In People v. Anderson, cited in the Marich case a capsule containing 5 milligrams residue of heroin was found in the pocket of defendant. In concluding its discussion the California Court said:

"In the instant case there is no evidence to support defense counsel's statement that `it would be impractical, if not impossible, to make any real use of the five milligrams or less involved in this case.' Also, there were other elements which the jury could consider while giving significance to the small quantity involved. The cases hold that the statute does not require the possession of any specific quantity of narcotics."

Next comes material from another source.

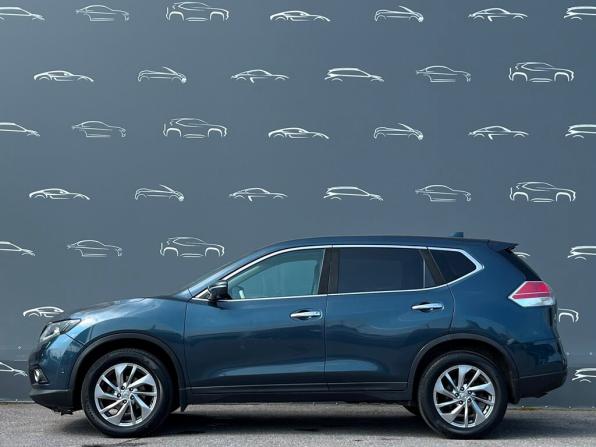 Nissan X-Trail III с пробегом 2017 года, цена 1 612 800 рублей, 157534 км, внедорожник, Автокод Объявления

In People v. Hyden, 118 Cal. App. 2d 744, 258 P.2d 1018, the trial court dismissed an information charging possession of morphine because, as a matter of law, 2 milligrams of morphine would be an insufficient amount to support a conviction for unlawful *120 possession. On appeal this was reversed, the court saying:

"Whether or not that quantity was sufficient not only required evidence, but was a matter of defense. * * * It was error to hold, as a matter of law, that the amount of morphine found, standing alone, was conclusive. The evidence on both sides should have been received, after which it could have been determined whether or not it was sufficient to sustain a conviction."

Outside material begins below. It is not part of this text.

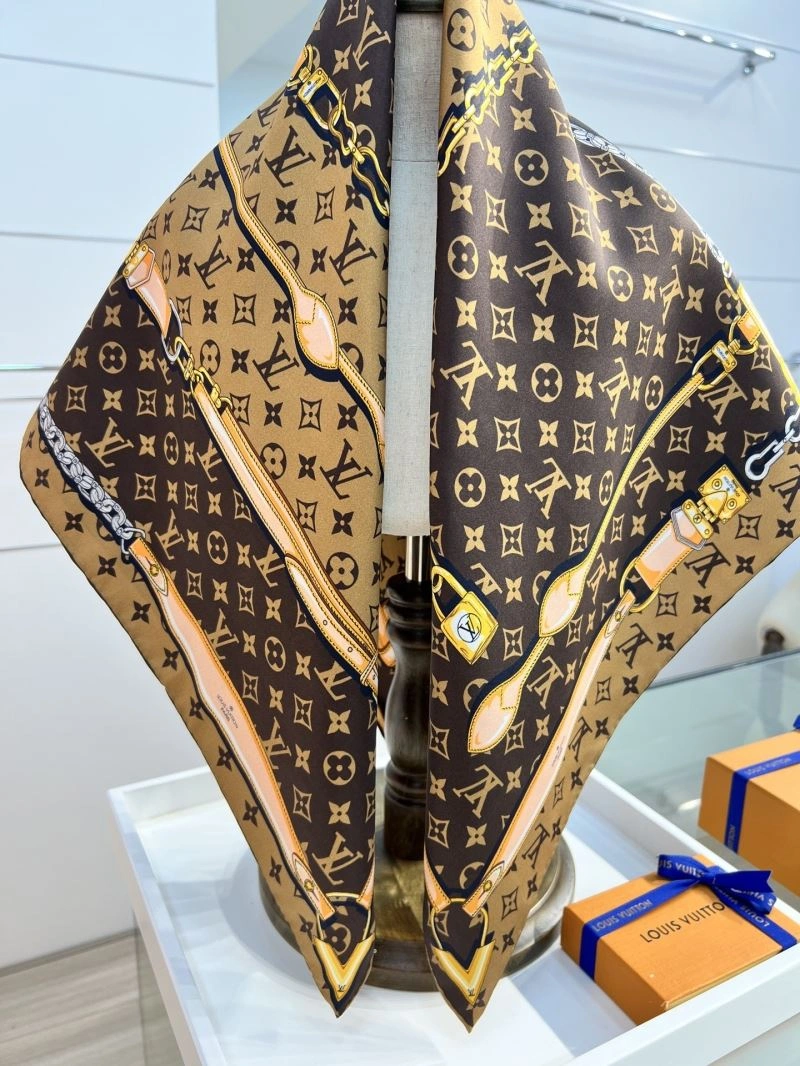 Louis Vuitton Scarf SoftTouch 270934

The Texas cases of Greer v. State and Pelham v. State, supra, are heavily relied on by appellant but we do not feel that they significantly contradict the line of cases which hold that no specific amount is required under the statutes. They are simply authority for the proposition that there must be an amount of narcotic drug sufficient to be used by an accused. As the Pelham case stated:

"* * * we have concluded that the reasonable construction and interpretation to be applied here is that the legislature intended that to constitute the unlawful act of possessing marijuana there must be possessed an amount sufficient to be applied to the use commonly made thereof."

We believe the correct rule to be applied under a statute such as ours is that where the amount of a narcotic is so small as to require a chemical analysis to detect its presence, the quantity is sufficient if useable under the known practices of narcotic addicts. We hold that only in those cases where the amount is incapable of being put to any effective use will the evidence be insufficient to support a conviction.

A review of the record of the case now before us reveals that the conclusions here reached were applied by the trial court for it correctly instructed the jury:

"You are instructed that the elements of the crime charged, to-wit, unlawful possession of narcotics are these: One, the person charged must have been in possession of a substance; two, the substance must have been a narcotic drug; three, the substance must have been in such quantity and quality to be susceptible of use as a narcotic; four, the possessor must have knowledge of the possession of such substance * * *. "If you believe from the evidence beyond a reasonable doubt that the defendant possessed a narcotic drug known as heroin, then you are instructed the weight or amount of the drug is immaterial so long as you find that there was a sufficient amount of such drug as to be useable as a narcotic." (Emphasis supplied)

*121 The judgment of the court below is affirmed.

BERNSTEIN, C.J., UDALL, V.C.J., and JENNINGS and LOCKWOOD, JJ., concur.